__EXERCISE DESCRIPTION__. Nothing but the text should be carried over: reproduce all the data exactly and leave out every image.

==== PROVIDED RECORDS

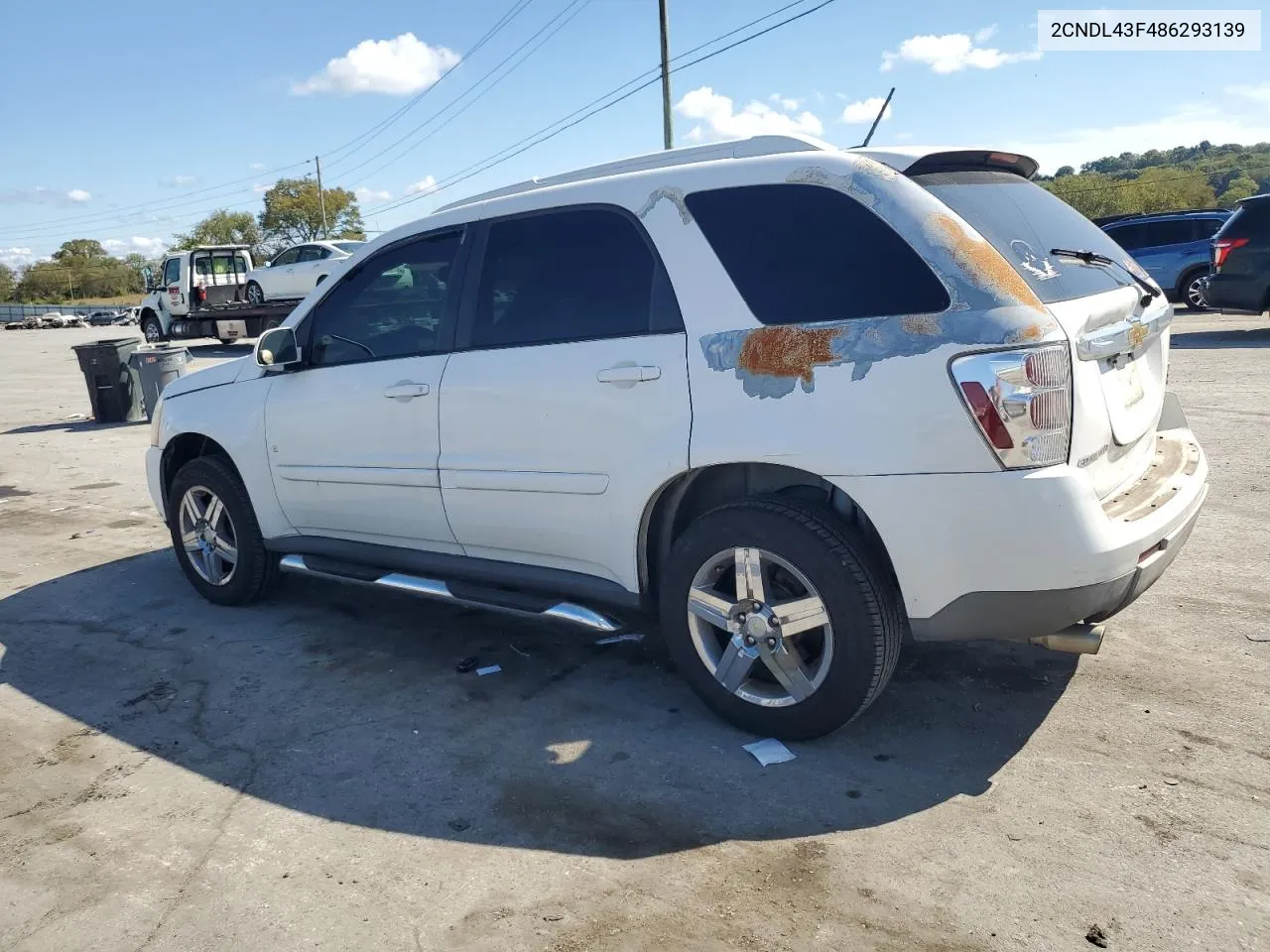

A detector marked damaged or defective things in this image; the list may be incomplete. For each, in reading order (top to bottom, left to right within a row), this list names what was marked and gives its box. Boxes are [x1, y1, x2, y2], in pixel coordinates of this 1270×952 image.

peeling paint [632, 187, 691, 224]
rust patch on body [924, 214, 1041, 310]
peeling paint [924, 214, 1041, 310]
rust patch on body [736, 327, 842, 388]
peeling paint [700, 313, 1016, 398]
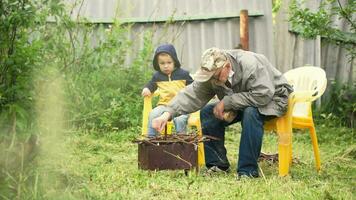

========

__EXERCISE OUTPUT__.
A detector marked damaged or defective things in this image; the list may be incomplete. For each, in reading order (top to bottom, left to right within a row), this list names what was marked and gives its box. Boxes are [x1, y1, x2, y2], in pixel coordinates of this 1270×952 image.

peeling paint [632, 187, 691, 224]
rust patch on body [924, 214, 1041, 310]
peeling paint [924, 214, 1041, 310]
rust patch on body [736, 327, 842, 388]
peeling paint [700, 313, 1016, 398]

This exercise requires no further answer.